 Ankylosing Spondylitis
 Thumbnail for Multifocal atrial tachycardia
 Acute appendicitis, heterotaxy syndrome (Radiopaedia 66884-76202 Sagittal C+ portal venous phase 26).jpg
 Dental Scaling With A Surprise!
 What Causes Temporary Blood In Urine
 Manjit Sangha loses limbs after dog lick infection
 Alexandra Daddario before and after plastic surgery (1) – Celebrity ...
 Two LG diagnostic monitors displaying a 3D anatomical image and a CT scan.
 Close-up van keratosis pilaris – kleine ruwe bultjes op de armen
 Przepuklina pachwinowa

==*==

▶ [Work request]
The entries are to be transcribed exactly, each line in full.

▶ [Response to this task]
 Ankylosing Spondylitis
 Thumbnail for Multifocal atrial tachycardia
 Acute appendicitis, heterotaxy syndrome (Radiopaedia 66884-76202 Sagittal C+ portal venous phase 26).jpg
 Dental Scaling With A Surprise!
 What Causes Temporary Blood In Urine
 Manjit Sangha loses limbs after dog lick infection
 Alexandra Daddario before and after plastic surgery (1) – Celebrity ...
 Two LG diagnostic monitors displaying a 3D anatomical image and a CT scan.
 Close-up van keratosis pilaris – kleine ruwe bultjes op de armen
 Przepuklina pachwinowa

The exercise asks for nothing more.